Ce n'est en effet que dans le cadre de la fiducie-sûreté que le fiduciaire ou le Treuhänder peut être le bénéficiaire du contrat fiduciaire. L'aliénation fiduciaire à titre de sûreté est fort ancienne et constitue de nos jours "une redécouverte de la fiducia cum creditore du droit romain, forme primitive des garanties réelles" 77 . La fiducie-sûreté se présente comme un contrat par lequel un débiteur transfère à son créancier la propriété d'un bien afin de garantir le paiement de sa dette. Le débiteur est le fiduciant et le créancier est fiduciaire. Il est cependant possible d'envisager le cas où l'aliénateur fiduciaire n'est pas le débiteur, mais un fiduciant désirant garantir la dette d'autrui 78 . Le fiduciaire peut également ne pas être le créancier de la dette garantie 79 . Quelques soient les hypothèses, le fiduciaire reçoit un bien à titre fiduciaire et il est chargé de le détenir en garantie d'une créance. Il est en outre, obligé par le contrat, en fin d'opération, de restituer ce bien mis en fiducie au bénéficiaire désigné. Il peut l'être lui-même dans l'hypothèse où il sera créancier ou ce peut être un tiers dans les autres hypothèses. Dans le premier cas, s'il y a non paiement de la dette, le transfert ne sera plus temporaire mais définitif. La mission du fiduciaire est dans ce cas une mission éventuelle de restitution 80 .

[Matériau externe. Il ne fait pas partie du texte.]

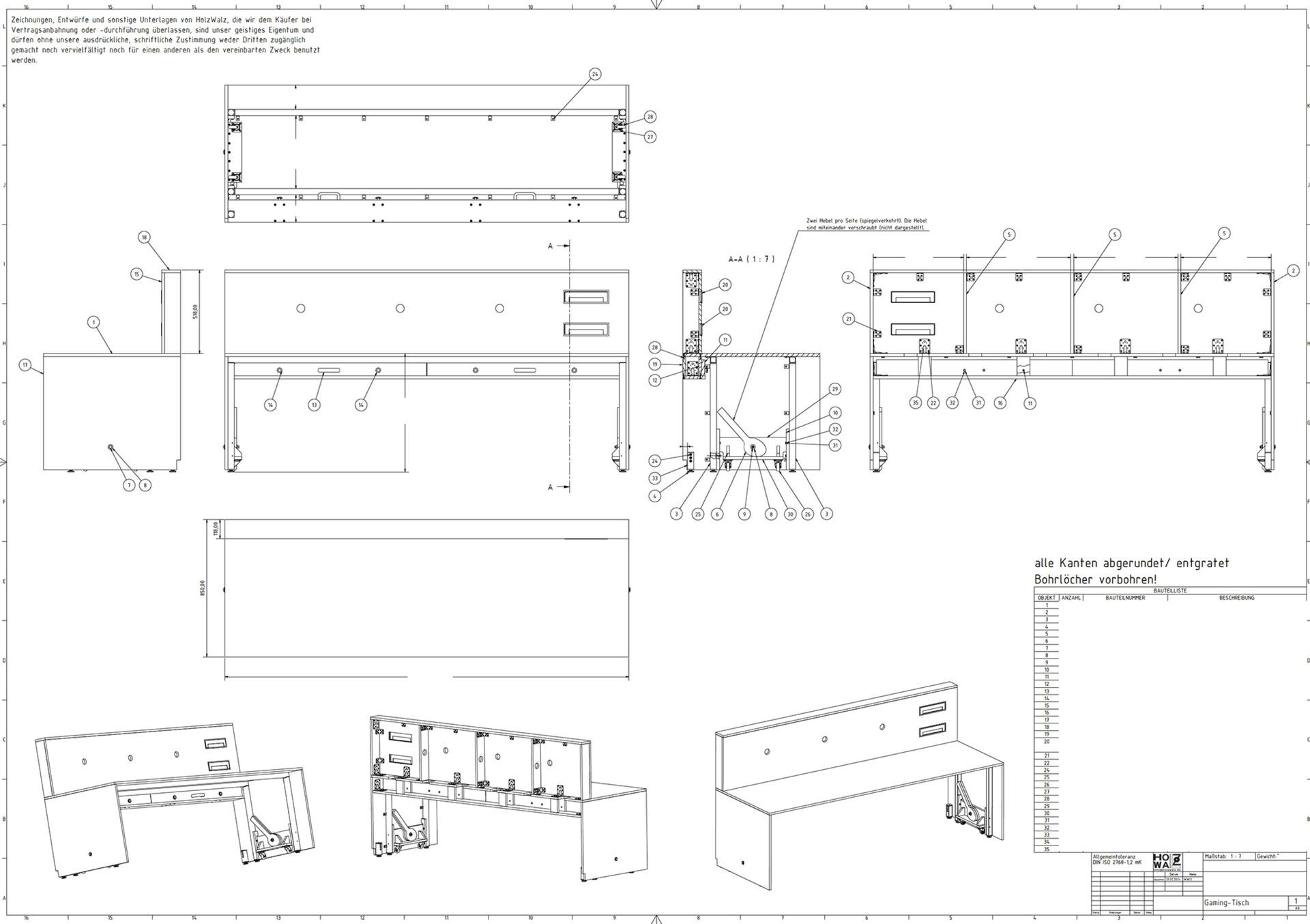 Leseprobe Zeichnung als PDF Eigenbau Gaming Schreibtisch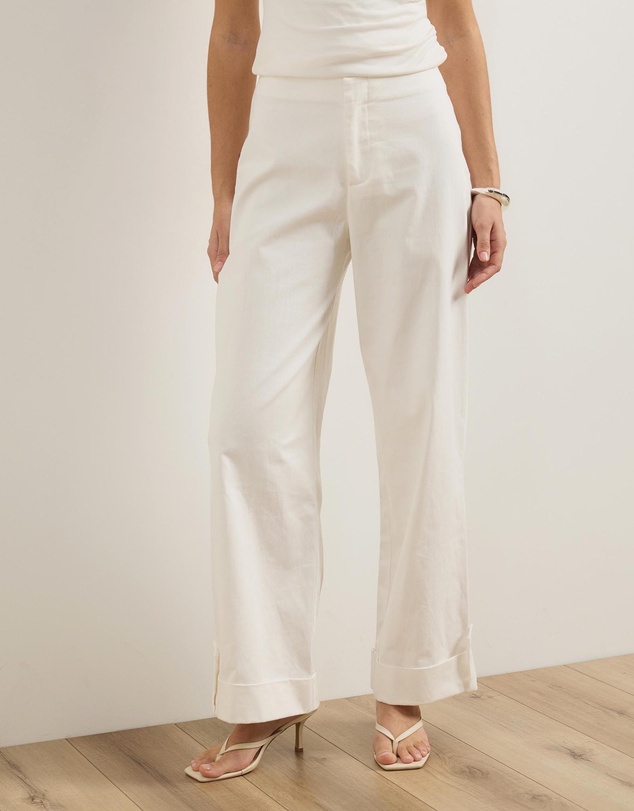 Atmos&Here - Pia Cotton Cuff Hem Detail Pants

Cependant il convient de noter que l'utilisation de la propriété à titre de garantie ne prend pas toujours une forme fiduciaire. Il est d'ailleurs préférable de distinguer la forme fiduciaire avec d'autres formes pour éviter toute confusion. Tout d'abord il faut rappeler que la fiducie continentale (en dehors de l'hypothèse particulière des libéralités) procède d'un contrat spécial (et nommé) entre le fiduciant et le fiduciaire. Ce contrat organise un transfert de propriété au profit du fiduciaire. Ce transfert est limité dans son exercice par une série d'obligations à la charge du fiduciaire, notamment celle de retransférer la propriété en fin de contrat.. On peut en conséquence écarter toutes les garanties qui n'opère pas transfert de propriété à titre de sûreté, en début d'opération. Cette hypothèse se comprend facilement, il s'agit notamment des clauses de réserves de propriété. La propriété du bien n'est pas transmise, mais "réservée' par l'aliénateur. Cette clause est donc celle "par laquelle le transfert de propriété est suspendu, dans un but de garantie, à l'exécution de la prestation due en contrepartie" 81 . De plus le cadre de ce transfert "réservé' est un contrat de vente, ce que n'est pas le contrat de fiducie 82 . On peut encore exclure le cas où, s'il y a bien un transfert de bien, ce bien n'est pas ensuite rétrocédé en exécution d'une convention de fiducie, mais dans le cadre d'un contrat de vente avec réserve de propriété. Il y aura alors deux contrats distincts (deux ventes ou une vente et une promesse de vente) ou "une "symbiose' de techniques contractuelles traditionnelles" 83 , mais il n'y aura pas exécution d'un contrat fiduciaire. Il faut cependant remarquer que ces opérations sont souvent très proches sur le plan économique, ce qui à pour effet d'obscurcir la distinction dans l'ordre juridique 84 .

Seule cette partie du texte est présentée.